Adding proverbial salt to the wound was just how many people aren’t prepared to confront grief, even if what one is grieving about is a circumstance and not necessarily an actual death. It was startling to discover just how poorly equipped we as humans are at comforting each other. When my husband came home from the hospital and I was dropping my younger son off at preschool, I ran into a (then) close friend. When she saw my drained, distressed face, she insisted that I had gotten it all wrong. It could have been worse, she chided. Another said, with what looked like an oozing, forced lifecoach-esque smile, that it was a chance for me to develop the strength I didn’t think I had within. Along with insinuations that I must exclusively focus on buffering the kids’ trauma, and can take care of myself later. And the unrelenting influx of religious family members that preached how the heart attack is a message from Jesus, an altar call to ensure one’s eternal ticket to the beyond-the-pearly-gates club. Positioning the heart attack and the shock on the family as steps in a spiritual journey to becoming better people. It didn’t matter if one was religious, generically spiritual, or just positively toxic —  who wants to be told this kind of bullshit, especially when you’re in the midst of going through it? I wanted the pain to stop, not to “develop strength”. And if the pain can’t go away, I wanted to know there are people who have my back, rather than be made to feel shame and isolation. Heartbreaks (and heart attacks) should not be exploited and seen as targets of conversion to sell the commodities of salvation dogma or wellness (hellness) soup.

The people who showed up with long hugs, hot food, strong tea, offers to do the laundry or watch the boys, to drop off things to the postal office—physical, embodied things.
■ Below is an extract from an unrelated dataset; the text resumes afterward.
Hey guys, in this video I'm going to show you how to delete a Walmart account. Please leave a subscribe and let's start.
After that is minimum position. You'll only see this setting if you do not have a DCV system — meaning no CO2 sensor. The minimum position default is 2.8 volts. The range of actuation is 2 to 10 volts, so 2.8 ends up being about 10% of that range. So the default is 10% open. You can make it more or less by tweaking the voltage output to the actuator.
That was what held me.

I needed the holding so I could continue with my quivering rage. For being edited, censored, and silenced. The heart attack was a reminder of the enormous crater left by all the small, cumulative emotional blows. Just like how inconsequential a potato chip may seem. It’s not the one chip. It’s the bags and bags and bags of them. You forget you’re snacking on chips if that’s the only thing you snack on. I became aware of how our wounds from childhood become the burdens we carry into adulthood; this wasn’t psychological rhetoric—I was living proof. We continue to look for puzzle pieces that will match original experiences, and once they fit, rather than making us whole, the original hole only gets bigger.
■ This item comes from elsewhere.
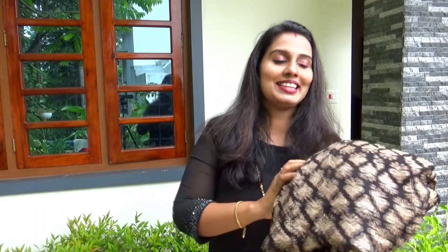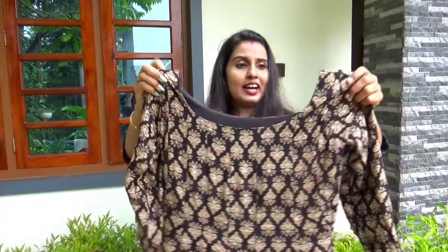You will also do customizing. You will also use cut beads, mirrors, sugar beads, etc. I am not sure how to make a choice. There are many other things. We have to make a pattern.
And so his heart attack felt like my own heart’s attack. He made it an invitation to heal his body’s feeding patterns. I made it an invitation to heal my heart’s feeding patterns. I came out of it realizing that I STILL had my own work to do, and that the work is never done. To continue to ask myself beyond the re-membrance and re-awakening I’ve already experienced, what other performative behaviours and masks persist. Masks are designed to cover up truth or another reality. Wear the mask long enough and you forget you’re even wearing one. I had grown fearful of myself because I was what I was hiding from full view.